Scission is accomplished by constriction of the bud neck, driven by BAR protein-driven membrane deformation, actin-generated force and the proposed Sjl2p-imposed line tension created by lipid phase separation. After scission, the Pan1 complex proteins Sla1p, Pan1p and End3p are phosphorylated by Ark1p/Prk1p resulting in their dissociation. Ark1p/Prk1p are also responsible for turning off actin polymerization, allowing Cof1p/Aip1p/Crn1p to disassemble the actin filaments. Sjl2p is responsible for dephosphorylating PIP2, reducing the affinity of Sla2p and Ent1/2p for the vesicles. Arf3p, along with Gts1p and Lsb5p, are also involved in the dissociation of the Pan1 complex.

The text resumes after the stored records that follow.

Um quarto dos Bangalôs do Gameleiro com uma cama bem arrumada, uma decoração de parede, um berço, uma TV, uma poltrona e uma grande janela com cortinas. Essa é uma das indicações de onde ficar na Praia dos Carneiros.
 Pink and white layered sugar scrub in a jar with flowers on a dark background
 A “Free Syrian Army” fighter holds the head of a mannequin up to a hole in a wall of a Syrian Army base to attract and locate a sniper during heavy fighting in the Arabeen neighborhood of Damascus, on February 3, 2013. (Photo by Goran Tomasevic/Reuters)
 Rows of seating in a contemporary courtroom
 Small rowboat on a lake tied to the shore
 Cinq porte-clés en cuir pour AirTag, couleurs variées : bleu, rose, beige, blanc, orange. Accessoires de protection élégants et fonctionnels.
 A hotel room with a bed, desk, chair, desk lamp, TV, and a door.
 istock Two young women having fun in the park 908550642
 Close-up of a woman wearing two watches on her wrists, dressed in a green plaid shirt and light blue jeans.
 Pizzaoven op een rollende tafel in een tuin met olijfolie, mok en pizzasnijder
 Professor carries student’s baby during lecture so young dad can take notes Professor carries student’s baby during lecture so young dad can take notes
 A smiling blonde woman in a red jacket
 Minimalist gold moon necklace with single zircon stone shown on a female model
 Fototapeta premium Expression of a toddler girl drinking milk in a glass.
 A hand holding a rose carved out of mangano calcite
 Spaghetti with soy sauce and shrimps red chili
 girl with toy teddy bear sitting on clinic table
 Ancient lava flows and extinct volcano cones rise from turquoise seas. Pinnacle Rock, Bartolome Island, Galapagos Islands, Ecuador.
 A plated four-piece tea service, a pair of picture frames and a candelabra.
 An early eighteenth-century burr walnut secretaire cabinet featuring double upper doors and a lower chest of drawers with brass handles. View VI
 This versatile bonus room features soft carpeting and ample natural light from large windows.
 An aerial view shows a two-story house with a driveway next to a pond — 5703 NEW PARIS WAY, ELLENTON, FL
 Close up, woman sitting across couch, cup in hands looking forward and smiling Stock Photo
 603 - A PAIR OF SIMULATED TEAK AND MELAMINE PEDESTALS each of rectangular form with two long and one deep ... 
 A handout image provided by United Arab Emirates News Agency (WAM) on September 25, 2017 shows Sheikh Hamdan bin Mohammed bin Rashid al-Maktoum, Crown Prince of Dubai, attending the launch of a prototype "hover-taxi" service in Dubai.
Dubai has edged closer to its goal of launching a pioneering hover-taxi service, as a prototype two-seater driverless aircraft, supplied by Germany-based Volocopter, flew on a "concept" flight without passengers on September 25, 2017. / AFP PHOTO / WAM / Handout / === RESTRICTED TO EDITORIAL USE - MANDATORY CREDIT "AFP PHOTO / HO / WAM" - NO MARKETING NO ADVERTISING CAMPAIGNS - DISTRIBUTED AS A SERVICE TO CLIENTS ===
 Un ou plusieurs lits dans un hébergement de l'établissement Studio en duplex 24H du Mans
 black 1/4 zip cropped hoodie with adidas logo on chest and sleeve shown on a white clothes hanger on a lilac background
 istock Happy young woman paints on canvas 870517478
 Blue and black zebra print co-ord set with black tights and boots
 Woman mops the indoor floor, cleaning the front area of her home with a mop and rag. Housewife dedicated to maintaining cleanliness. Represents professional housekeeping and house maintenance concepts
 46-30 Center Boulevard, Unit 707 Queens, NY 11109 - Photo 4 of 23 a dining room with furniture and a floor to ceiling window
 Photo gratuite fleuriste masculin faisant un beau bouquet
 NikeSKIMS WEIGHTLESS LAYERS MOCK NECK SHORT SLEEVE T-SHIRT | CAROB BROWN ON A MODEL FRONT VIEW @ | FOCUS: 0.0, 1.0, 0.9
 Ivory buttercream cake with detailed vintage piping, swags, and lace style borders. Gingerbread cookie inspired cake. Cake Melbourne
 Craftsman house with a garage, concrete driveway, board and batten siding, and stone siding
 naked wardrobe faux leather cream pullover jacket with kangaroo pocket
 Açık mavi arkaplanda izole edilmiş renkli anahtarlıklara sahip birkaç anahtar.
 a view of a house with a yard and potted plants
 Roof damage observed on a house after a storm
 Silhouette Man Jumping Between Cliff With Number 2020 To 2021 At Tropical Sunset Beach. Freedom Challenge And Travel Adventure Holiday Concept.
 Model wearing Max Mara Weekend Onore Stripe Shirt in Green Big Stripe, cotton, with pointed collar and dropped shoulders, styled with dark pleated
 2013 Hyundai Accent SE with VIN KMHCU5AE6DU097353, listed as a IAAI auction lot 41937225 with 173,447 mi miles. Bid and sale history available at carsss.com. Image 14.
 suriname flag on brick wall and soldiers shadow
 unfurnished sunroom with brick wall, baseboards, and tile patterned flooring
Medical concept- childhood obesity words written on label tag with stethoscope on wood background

Figure 5. Positive feedback loops involved in scission

During scission, two positive feedback loops are proposed to drive the increase in membrane curvature that leads to pinching off of the vesicle. Firstly, BAR domain proteins bind to areas of high membrane curvature generated by actin polymerization forces, and through their binding enhance the membrane curvature, recruiting more BAR domain proteins. Secondly, Sjl2p, the PIP2 phosphatase, is more active on curved membranes [83]. The activity of Sjl2p on the curved neck decreases levels of PIP2 on the unprotected bud while the PIP2 of the neck is shielded by the BAR domain proteins. The lipid phase separation produces a line tension, which further increases membrane curvature, enhancing the activity of Sjl2p.